En fait, S. Paul insiste sur ce point « certainement en se référant au milieu qui, en un certain sens, était orienté pour jouir du monde ». Et, dans le milieu hellène des Corinthiens, « le mariage était compris comme une manière de jouir du monde » , ce qui n’était pas le cas dans « la tradition israélite », ainsi qu’on l’a longuement vu.

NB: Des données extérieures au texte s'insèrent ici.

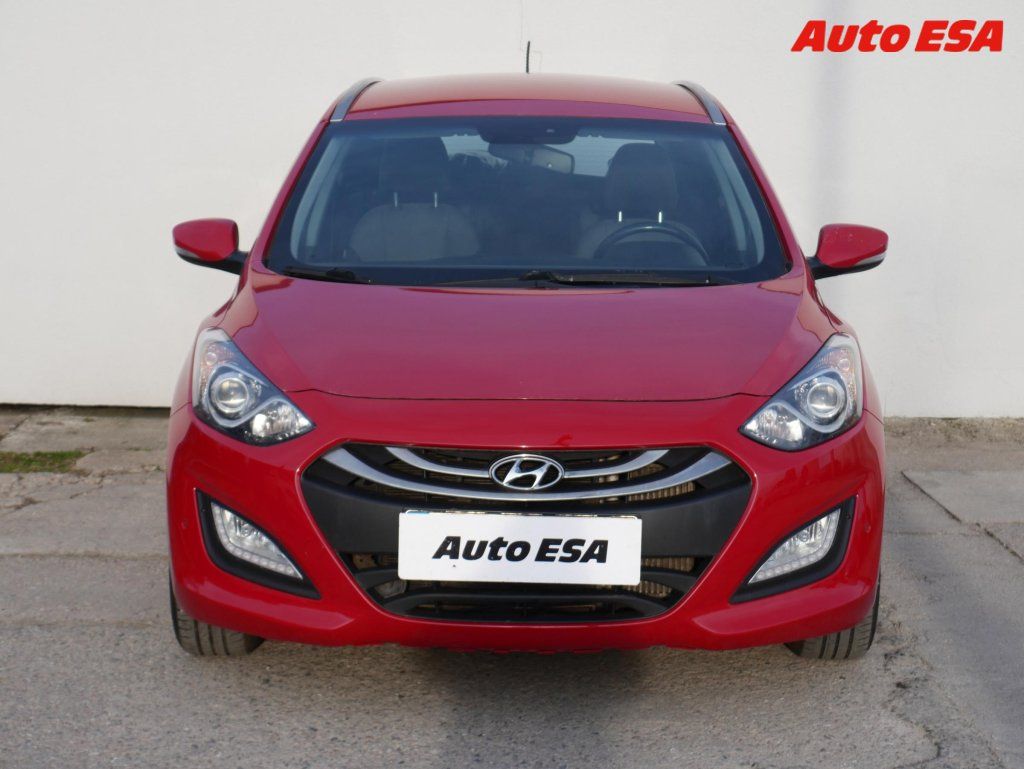Hyundai i30, 1.6 CRDi,1.maj,ČR,AC,TZ - fotka 2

C’est pour cela que l’Apôtre appelle « ceux qui jouissent du monde » à le faire « comme s’ils n’en jouissaient pas véritablement ». Jean-Paul II précise que « l’Apôtre se rendait bien compte que, s’il encourageait à s’abstenir au mariage, il devait en même temps mettre en lumière » la valeur évangélique du mariage, et cela « avec le plus grand réalisme ».
e’) Quatrième difficulté (84, 8 et 9 ; p. 425 et 426)
Si nous poursuivons la lecture de 1 Co 7, 1, nous lisons : « en raison du péril d’impudicité, que chaque homme ait sa femme et chaque femme son mari ». (v. 2) Ne prend-on pas s. Paul en flagrant délit de réduction du mariage à n’être qu’un « remède contre la concupiscence » ?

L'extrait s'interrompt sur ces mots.